*** Data provided Section Begins ***

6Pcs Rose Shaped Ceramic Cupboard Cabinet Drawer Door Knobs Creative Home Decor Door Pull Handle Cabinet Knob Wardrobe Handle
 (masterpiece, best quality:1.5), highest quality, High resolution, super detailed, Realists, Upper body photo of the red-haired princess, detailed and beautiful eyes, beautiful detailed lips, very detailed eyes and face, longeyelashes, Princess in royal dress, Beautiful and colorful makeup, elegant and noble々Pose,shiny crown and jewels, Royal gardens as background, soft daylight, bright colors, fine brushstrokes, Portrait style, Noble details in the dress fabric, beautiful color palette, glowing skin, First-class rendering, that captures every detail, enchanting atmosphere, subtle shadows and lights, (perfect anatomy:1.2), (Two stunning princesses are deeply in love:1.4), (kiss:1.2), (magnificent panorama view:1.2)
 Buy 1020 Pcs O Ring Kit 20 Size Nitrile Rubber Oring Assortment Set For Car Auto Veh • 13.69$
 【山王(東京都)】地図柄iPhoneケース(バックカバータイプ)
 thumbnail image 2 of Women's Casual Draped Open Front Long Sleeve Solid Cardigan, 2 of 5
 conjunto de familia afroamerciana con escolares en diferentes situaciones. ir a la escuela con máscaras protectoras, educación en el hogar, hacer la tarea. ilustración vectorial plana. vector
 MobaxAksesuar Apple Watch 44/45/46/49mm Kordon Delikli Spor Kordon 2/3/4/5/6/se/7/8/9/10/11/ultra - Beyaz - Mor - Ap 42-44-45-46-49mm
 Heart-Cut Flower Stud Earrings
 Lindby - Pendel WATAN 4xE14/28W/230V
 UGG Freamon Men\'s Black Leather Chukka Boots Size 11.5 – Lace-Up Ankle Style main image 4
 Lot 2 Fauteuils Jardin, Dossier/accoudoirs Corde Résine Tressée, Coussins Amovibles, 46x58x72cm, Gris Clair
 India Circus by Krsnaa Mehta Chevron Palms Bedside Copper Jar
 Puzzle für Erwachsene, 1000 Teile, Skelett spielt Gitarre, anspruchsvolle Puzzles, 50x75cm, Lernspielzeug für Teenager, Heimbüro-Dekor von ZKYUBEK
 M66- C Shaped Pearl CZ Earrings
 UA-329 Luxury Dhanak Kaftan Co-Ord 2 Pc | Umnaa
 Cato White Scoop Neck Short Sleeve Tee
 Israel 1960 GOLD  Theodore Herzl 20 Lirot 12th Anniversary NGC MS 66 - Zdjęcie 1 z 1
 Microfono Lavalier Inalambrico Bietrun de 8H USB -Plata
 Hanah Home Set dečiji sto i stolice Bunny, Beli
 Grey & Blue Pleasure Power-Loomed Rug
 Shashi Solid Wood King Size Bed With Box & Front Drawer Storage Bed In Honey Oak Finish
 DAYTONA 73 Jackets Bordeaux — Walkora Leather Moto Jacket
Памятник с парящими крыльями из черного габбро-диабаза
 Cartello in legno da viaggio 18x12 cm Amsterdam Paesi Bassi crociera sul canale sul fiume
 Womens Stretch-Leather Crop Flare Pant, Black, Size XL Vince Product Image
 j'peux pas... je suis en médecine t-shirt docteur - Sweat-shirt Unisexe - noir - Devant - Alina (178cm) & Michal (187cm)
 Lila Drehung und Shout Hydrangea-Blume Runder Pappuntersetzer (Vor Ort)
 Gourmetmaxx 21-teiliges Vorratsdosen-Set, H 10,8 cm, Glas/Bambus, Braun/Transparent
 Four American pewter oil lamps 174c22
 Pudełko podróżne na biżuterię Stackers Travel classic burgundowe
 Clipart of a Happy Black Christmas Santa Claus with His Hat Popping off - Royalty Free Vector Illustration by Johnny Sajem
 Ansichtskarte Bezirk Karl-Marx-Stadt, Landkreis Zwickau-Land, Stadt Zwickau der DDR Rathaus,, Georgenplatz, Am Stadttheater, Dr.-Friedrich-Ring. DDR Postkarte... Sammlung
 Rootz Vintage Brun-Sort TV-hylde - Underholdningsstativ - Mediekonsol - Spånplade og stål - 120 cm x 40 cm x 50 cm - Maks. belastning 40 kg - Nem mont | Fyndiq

*** Data provided Section Ends ***

**Exercise:**
Each line of the data above is to be set down exactly.

**Expected answer:**
6Pcs Rose Shaped Ceramic Cupboard Cabinet Drawer Door Knobs Creative Home Decor Door Pull Handle Cabinet Knob Wardrobe Handle
 (masterpiece, best quality:1.5), highest quality, High resolution, super detailed, Realists, Upper body photo of the red-haired princess, detailed and beautiful eyes, beautiful detailed lips, very detailed eyes and face, longeyelashes, Princess in royal dress, Beautiful and colorful makeup, elegant and noble々Pose,shiny crown and jewels, Royal gardens as background, soft daylight, bright colors, fine brushstrokes, Portrait style, Noble details in the dress fabric, beautiful color palette, glowing skin, First-class rendering, that captures every detail, enchanting atmosphere, subtle shadows and lights, (perfect anatomy:1.2), (Two stunning princesses are deeply in love:1.4), (kiss:1.2), (magnificent panorama view:1.2)
 Buy 1020 Pcs O Ring Kit 20 Size Nitrile Rubber Oring Assortment Set For Car Auto Veh • 13.69$
 【山王(東京都)】地図柄iPhoneケース(バックカバータイプ)
 thumbnail image 2 of Women's Casual Draped Open Front Long Sleeve Solid Cardigan, 2 of 5
 conjunto de familia afroamerciana con escolares en diferentes situaciones. ir a la escuela con máscaras protectoras, educación en el hogar, hacer la tarea. ilustración vectorial plana. vector
 MobaxAksesuar Apple Watch 44/45/46/49mm Kordon Delikli Spor Kordon 2/3/4/5/6/se/7/8/9/10/11/ultra - Beyaz - Mor - Ap 42-44-45-46-49mm
 Heart-Cut Flower Stud Earrings
 Lindby - Pendel WATAN 4xE14/28W/230V
 UGG Freamon Men\'s Black Leather Chukka Boots Size 11.5 – Lace-Up Ankle Style main image 4
 Lot 2 Fauteuils Jardin, Dossier/accoudoirs Corde Résine Tressée, Coussins Amovibles, 46x58x72cm, Gris Clair
 India Circus by Krsnaa Mehta Chevron Palms Bedside Copper Jar
 Puzzle für Erwachsene, 1000 Teile, Skelett spielt Gitarre, anspruchsvolle Puzzles, 50x75cm, Lernspielzeug für Teenager, Heimbüro-Dekor von ZKYUBEK
 M66- C Shaped Pearl CZ Earrings
 UA-329 Luxury Dhanak Kaftan Co-Ord 2 Pc | Umnaa
 Cato White Scoop Neck Short Sleeve Tee
 Israel 1960 GOLD  Theodore Herzl 20 Lirot 12th Anniversary NGC MS 66 - Zdjęcie 1 z 1
 Microfono Lavalier Inalambrico Bietrun de 8H USB -Plata
 Hanah Home Set dečiji sto i stolice Bunny, Beli
 Grey & Blue Pleasure Power-Loomed Rug
 Shashi Solid Wood King Size Bed With Box & Front Drawer Storage Bed In Honey Oak Finish
 DAYTONA 73 Jackets Bordeaux — Walkora Leather Moto Jacket
Памятник с парящими крыльями из черного габбро-диабаза
 Cartello in legno da viaggio 18x12 cm Amsterdam Paesi Bassi crociera sul canale sul fiume
 Womens Stretch-Leather Crop Flare Pant, Black, Size XL Vince Product Image
 j'peux pas... je suis en médecine t-shirt docteur - Sweat-shirt Unisexe - noir - Devant - Alina (178cm) & Michal (187cm)
 Lila Drehung und Shout Hydrangea-Blume Runder Pappuntersetzer (Vor Ort)
 Gourmetmaxx 21-teiliges Vorratsdosen-Set, H 10,8 cm, Glas/Bambus, Braun/Transparent
 Four American pewter oil lamps 174c22
 Pudełko podróżne na biżuterię Stackers Travel classic burgundowe
 Clipart of a Happy Black Christmas Santa Claus with His Hat Popping off - Royalty Free Vector Illustration by Johnny Sajem
 Ansichtskarte Bezirk Karl-Marx-Stadt, Landkreis Zwickau-Land, Stadt Zwickau der DDR Rathaus,, Georgenplatz, Am Stadttheater, Dr.-Friedrich-Ring. DDR Postkarte... Sammlung
 Rootz Vintage Brun-Sort TV-hylde - Underholdningsstativ - Mediekonsol - Spånplade og stål - 120 cm x 40 cm x 50 cm - Maks. belastning 40 kg - Nem mont | Fyndiq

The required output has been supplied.